OSeMOSYS / otoole

OSeMOSYS Tools for Energy
https://otoole.readthedocs.io
MIT License
25 stars 19 forks source link

Long parameter names cause an error in writing to an Excel spreadsheet #131

Closed trevorb1 closed 1 year ago

trevorb1 commented 1 year ago

OVERVIEW This PR adds a short_name value to the config.yaml which will overwrite the full parameter name when writing user defined parameters to an excel file.

LOGIC Adds a new utility function called create_name_mappings( ... ) which will create a mapping dictionary similar to the previous EXCEL_TO_CSV hard coded dictionary. This function is called in the ReadExcel class only. When writing to excel, the logic just checks if there is a short_name value associated with the parameter or not, and writes that out.

QUESTIONS

  1. The downside of only calling create_name_mappings( ... ) when reading is that we do not log to the user if their parameter name is longer then 31 characters. I guess my justification for doing this is I tried to keep the logging within the create_name_mappings( ... ) function. Do you think I should break the logging out from this function, or change the logic so create_name_mappings( ... ) is called when writing to Excel as well?

  2. The current logic does not check if all excel tabs are in the configuration file. This could be an issue if the user modifies an excel tab name, but does not update the short_name in the configuration file. Do you think this is worth checking for? Or just leave it for the time being?

  3. The return type of the create_name_mappings( ... ) function should be Dict[str, str], but it really wasn't happy when I used this type. It sees the input config file as a Dict[str, Dict[str, Union[str, List]]]. Then at the end I use a comprehension to determine what string should be the key and value. But it just keeps throwing this error, with the types changing location due to the comprehension swapping their places.

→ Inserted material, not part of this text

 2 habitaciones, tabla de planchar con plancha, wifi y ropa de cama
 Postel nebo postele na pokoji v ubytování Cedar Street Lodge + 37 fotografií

src/otoole/utils.py:145: error: Incompatible return value type (got "Dict[str, Union[str, List[Any]]]", expected "Dict[str, str]")
src/otoole/utils.py:148: error: Incompatible return value type (got "Dict[Union[str, List[Any]], str]", expected "Dict[str, str]")

For the time being I left the return type as just a Dict. My question is, is there a way around this, or should I not be changing the order of return types? But then I'm a little confused on why it is seeing Dict[Union[str, List[Any]] as one of the types, since checking the logic it comes out to be a string? I may take another look at this tomorrow haha.

Thanks !

Closes #128

willu47 commented 1 year ago

The downside of only calling create_name_mappings( ... ) when reading is that we do not log to the user if their parameter name is longer than 31 characters. I guess my justification for doing this is I tried to keep the logging within the create_name_mappings( ... ) function. Do you think I should break the logging out from this function, or change the logic so create_name_mappings( ... ) is called when writing to Excel as well?

I see. Yes, the constraint on short names is linked to reading/writing from/to Excel, so it makes sense that the validation of the configuration file is linked to the classes responsible for reading or writing Excel.

However, I think we will need a config validation module eventually - and perhaps this is a good time to start one? This could be a separate pull-request/issue. Prior to allowing user-config files, validation was less of an issue, but it could be quite frustrating for users now if they have mistakes in the config file, and resulting error messages from otoole are cryptic...

The current logic does not check if all excel tabs are in the configuration file. This could be an issue if the user modifies an excel tab name, but does not update the short_name in the configuration file. Do you think this is worth checking for? Or just leave it for the time being?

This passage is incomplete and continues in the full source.